- _PROBLEM_: Repeat the entire listing exactly. Omit all pictures.

- _SUPPLIED INFORMATION_:
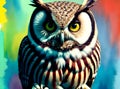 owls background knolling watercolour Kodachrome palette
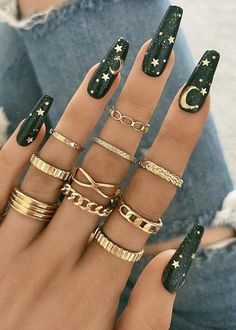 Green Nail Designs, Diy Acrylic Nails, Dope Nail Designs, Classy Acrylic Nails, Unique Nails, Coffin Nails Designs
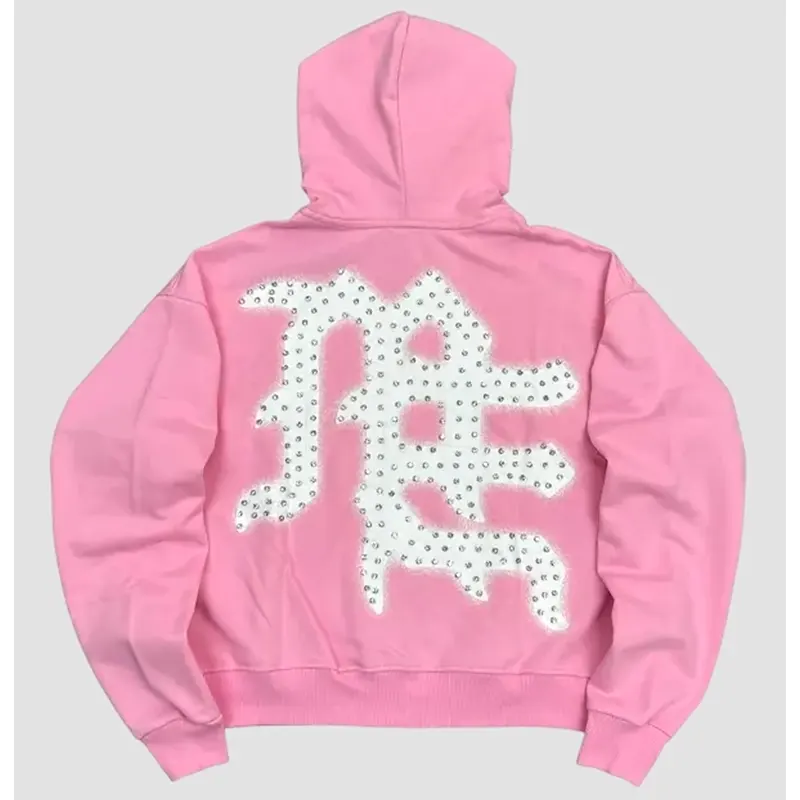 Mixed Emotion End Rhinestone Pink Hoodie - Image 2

- _YOUR RESPONSE_:
 owls background knolling watercolour Kodachrome palette
 Green Nail Designs, Diy Acrylic Nails, Dope Nail Designs, Classy Acrylic Nails, Unique Nails, Coffin Nails Designs
 Mixed Emotion End Rhinestone Pink Hoodie - Image 2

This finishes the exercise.